━━━━━ Recorded data ━━━━━

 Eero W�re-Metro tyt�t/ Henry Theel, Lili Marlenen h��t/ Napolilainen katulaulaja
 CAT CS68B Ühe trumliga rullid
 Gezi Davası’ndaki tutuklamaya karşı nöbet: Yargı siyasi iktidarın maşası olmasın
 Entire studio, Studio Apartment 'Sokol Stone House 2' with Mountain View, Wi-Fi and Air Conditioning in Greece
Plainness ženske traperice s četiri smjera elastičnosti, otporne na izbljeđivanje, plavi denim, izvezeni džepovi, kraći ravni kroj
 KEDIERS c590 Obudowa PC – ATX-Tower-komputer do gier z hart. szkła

━━━━━
━━━━━ Recorded data ━━━━━

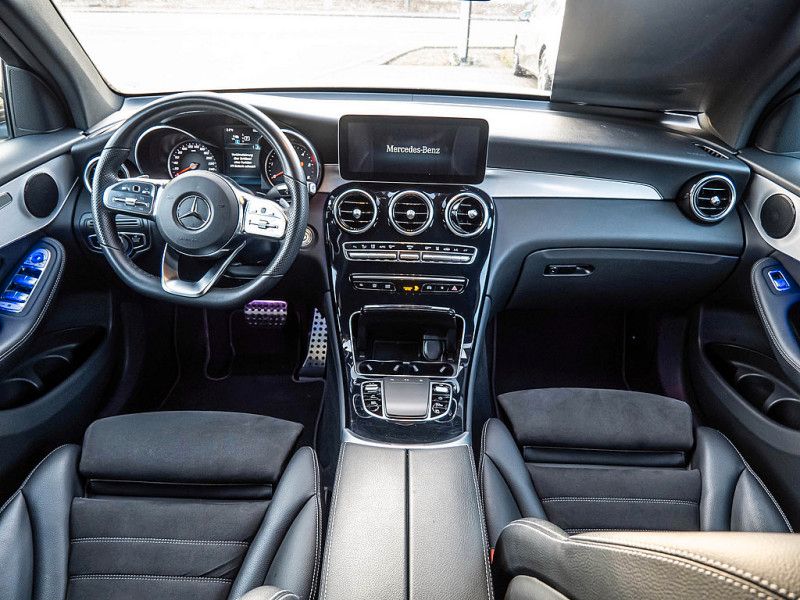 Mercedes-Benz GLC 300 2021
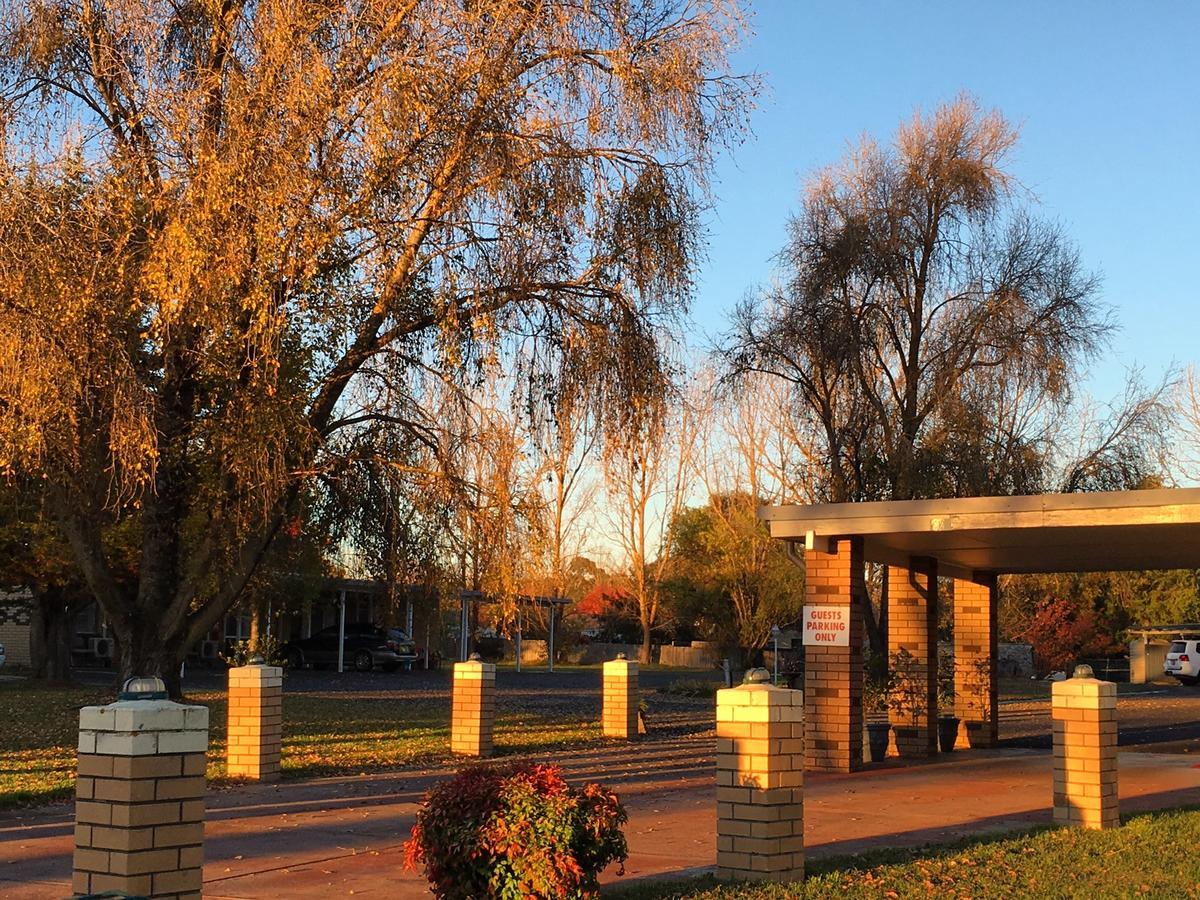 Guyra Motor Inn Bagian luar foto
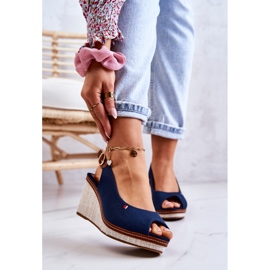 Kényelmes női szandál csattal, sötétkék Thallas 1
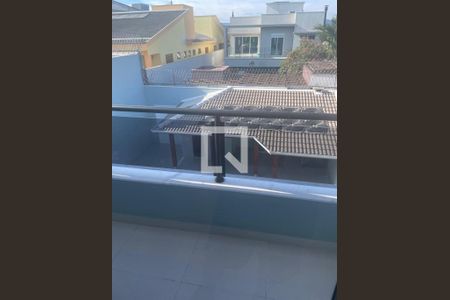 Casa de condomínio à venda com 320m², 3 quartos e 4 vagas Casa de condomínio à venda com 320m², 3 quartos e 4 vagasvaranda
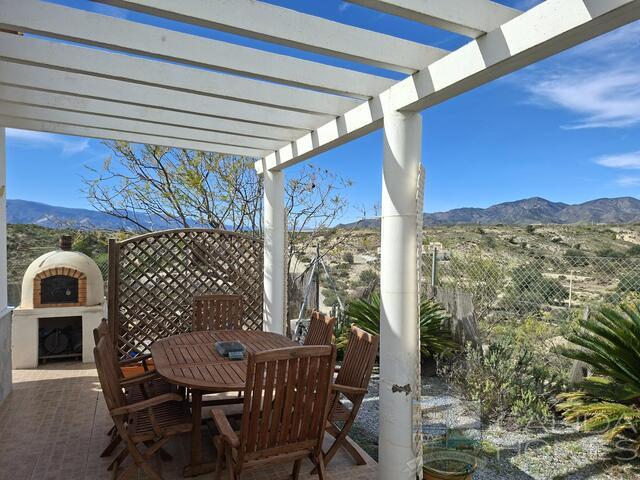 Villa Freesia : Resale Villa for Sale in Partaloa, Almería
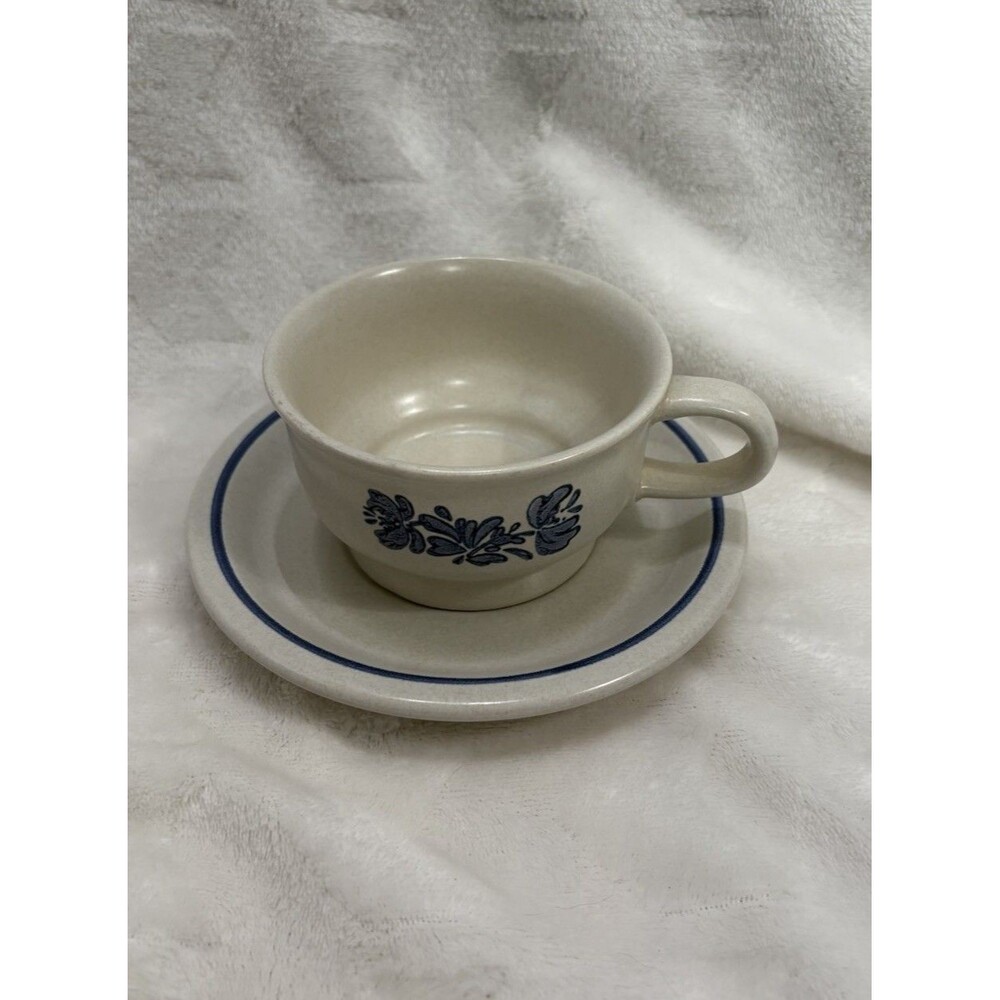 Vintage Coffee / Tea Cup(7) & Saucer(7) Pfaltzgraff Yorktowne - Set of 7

━━━━━
━━━━━ Recorded data ━━━━━

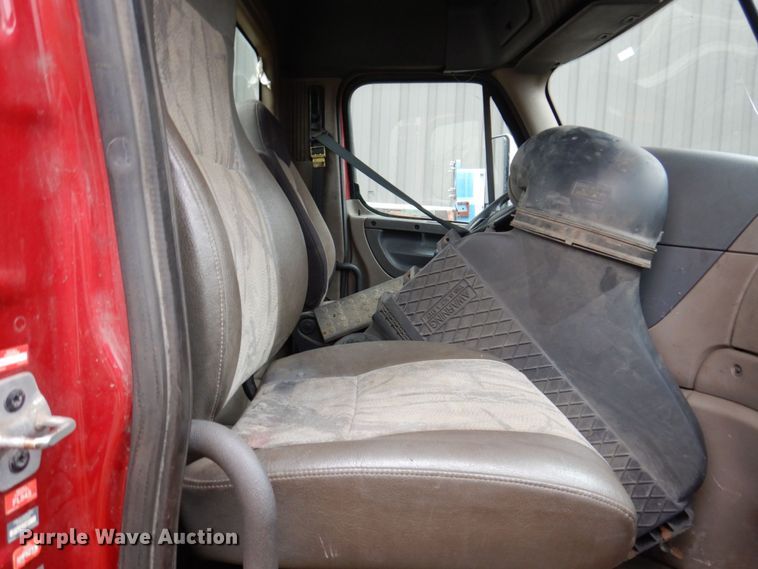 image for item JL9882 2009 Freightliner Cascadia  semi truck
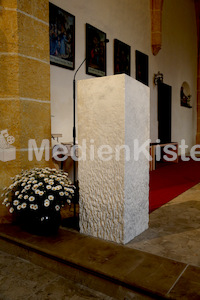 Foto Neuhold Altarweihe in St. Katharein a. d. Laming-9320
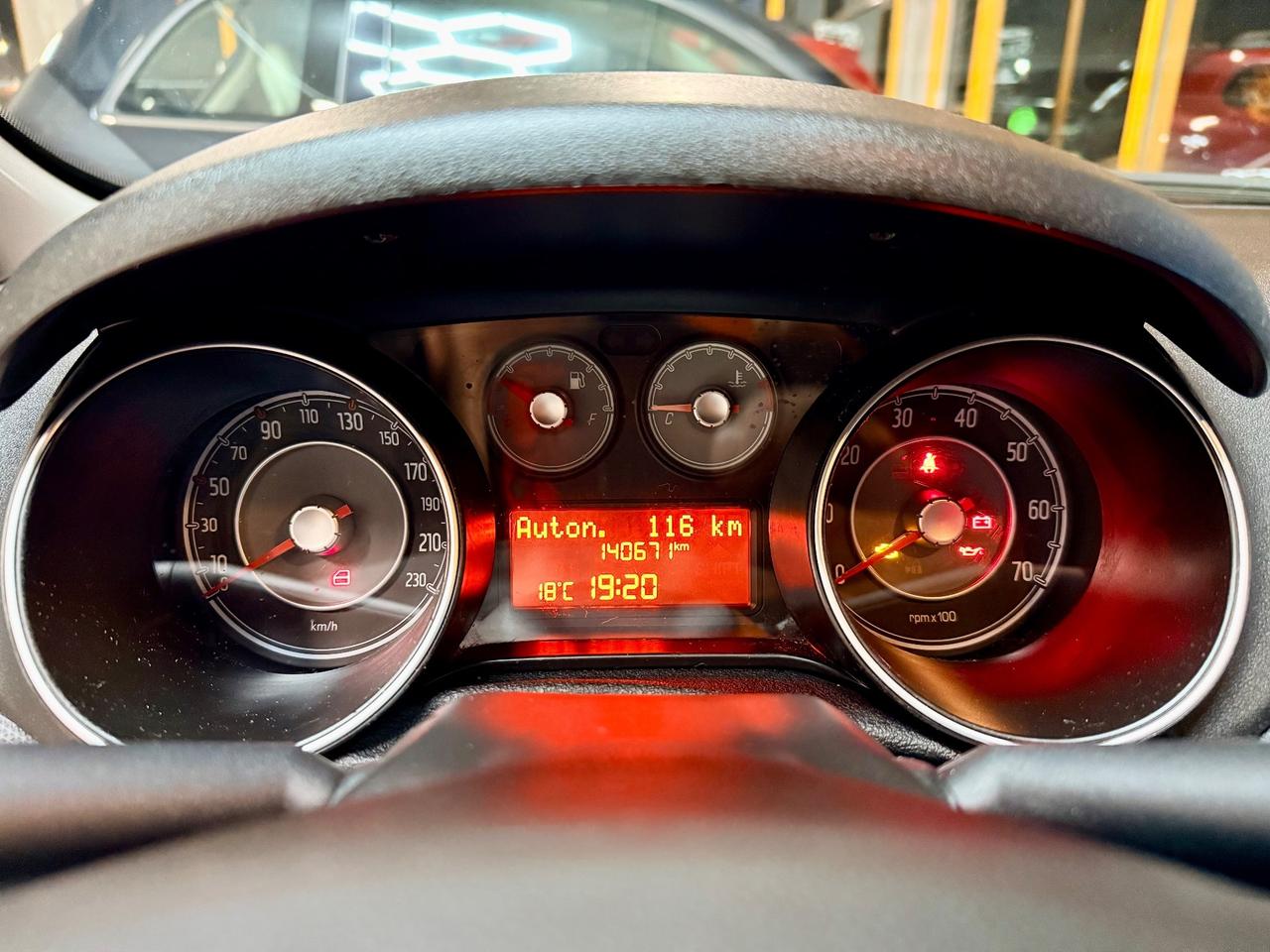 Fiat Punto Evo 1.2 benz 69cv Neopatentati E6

━━━━━

> **Task to complete**
Above is the material; set down exactly its lines from the one containing "image for item" down to the one containing "Fiat Punto Evo 1.2 benz 69cv Neopatentati E6", both included, leaving out any pictures.

> **Answer box**
 image for item JL9882 2009 Freightliner Cascadia  semi truck
 Foto Neuhold Altarweihe in St. Katharein a. d. Laming-9320
 Fiat Punto Evo 1.2 benz 69cv Neopatentati E6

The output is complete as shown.